When this word is used in UX design, mostly it is explained to understand users, their needs, problems, and expectations. When you really see what your users are going through, then you can come up with good solutions that help them achieve their goals with your product or service.
Empathizing with users is wonderful and I think that we should really embrace it. There are tons of examples when companies took this road and achieved great results. They made billions just empathizing with their users, customers, and overall target audience. One of the greatest examples is iPod. When this thing was released the world went crazy. I think the older generation remembers the old days when we had to use walkman with those cassettes. Listening to music was a challenging thing as we had limited options in those cassettes or we had to carry multiple ones with us. People needed a simple yet multi-option solution which is the exact thing iPod brought. With its slick, simple, and innovative design and of course tons of digital track options, it simply blew the market. Most people think that iPhone was the one product that brought up Apple from the ruins it was in, but I believe that iPod was the foundation of Apple’s success.
Empathizing helps us to become the favorite players in front of our customers. However, over the years I came to realize that empathizing should not be directed to users only. Any product or service goes through a long distance before it reaches its users. There are several types of stakeholders involved in the process of development.

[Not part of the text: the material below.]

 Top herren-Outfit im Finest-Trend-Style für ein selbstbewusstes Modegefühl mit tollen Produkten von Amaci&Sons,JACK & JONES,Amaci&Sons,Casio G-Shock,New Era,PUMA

As a UX designer, I had to work with a lot of teams. All those teams had their weaknesses and strengths. Some of the teams consisted of junior specialists who were just stepping into their fields. Some of the teams consisted of experienced professionals. It did not matter which team I worked with, all that mattered was how I worked with them. The more I communicated with the teams, the better solutions I came up with.
I failed with the teams that consisted of experienced professionals because I did not communicate well with them. On the other hand, I had a very successful experience with junior teams just because I learned what they needed. I’m not talking about just design here, I am talking about the overall product that went to the market.
The products we collaborated a lot to complete had a very successful result. The strange thing is that it also affected the usability of the product and the end users were happier with them. Besides, when I collaborated with the teams, the business had better results as well. Strangely, the products where I inclined towards UX a lot failed mostly. Most of them were not even released and were abandoned as concepts only.
I came to realize that when I learned about business needs, technical constraints, and user expectations, I could make better decisions. Especially, the results were even better when I balanced everything among these three aspects. This method works very well for startups where the budget is limited all the time. Besides, most of the case MVP versions of the products showed higher results than expected.
I had to sacrifice beauty over functionality, being within budget, and technically availability. My designs became a little less pretty but they were more usable, technically easy to develop, and user-friendlier. Of course, I could not just design whatever came to mind, and ugly designs. I started using the 80/20 rule in a different way. 80% of the time I align my designs with business goals and technical capabilities. I just learn about the business and its team. I make sure that I am within budget and that I understand the business goals, also I make sure the team can develop the designs easily. But 20% of the time I experiment and try to innovate. I design more user-friendly but slightly difficult things to develop. This way I push developers who are working with me to grow. It does not matter what level of specialists they are, it works all the time. Juniors grow to be middle sooner, middle developers acquire senior-level skills. I even had to push some of the senior software engineers when I worked at Amazon.
UX is not a one-time thing. UX is an ongoing process that continues over months and years to achieve great results. It took around 25 years for Amazon to become the e-commerce giant, and it took over 30 years for Apple to become the innovators they are today. These companies can spare tons of budget and can have super-packed teams of super-professionals doing things that are changing the world every day. We cannot compete with them right now, because we have limited resources to do things.
This is the exact reason I strongly believe that any UX designer working in small companies should balance things among “Business needs”, “Technical constraints”, and of course “User needs and expectations”. Empathizing is not just about the users, it also means understanding the business goals and technical capabilities of the development team. Sometimes, UX designers need to work with sales, marketing, and legal teams in order to achieve better results. Back in the day, I helped the operation team in our warehouse so that the company could deliver the shipments on time. You think that was a crazy place for a UX designer to be right. No, actually I learned a lot of insights about how the operation process went and I used them to design the company’s products later. I guess that is the exact reason why we need to try to see opportunities in every challenge. Empathizing with everyone is very difficult, but the result is mind-blowing even if you fail.
This is my one tip for UX designers, empathize with everyone on the team. It does not matter who that person is and what they do. When you really try to see what they do and how they do it, you will find tons of opportunities for innovative solutions.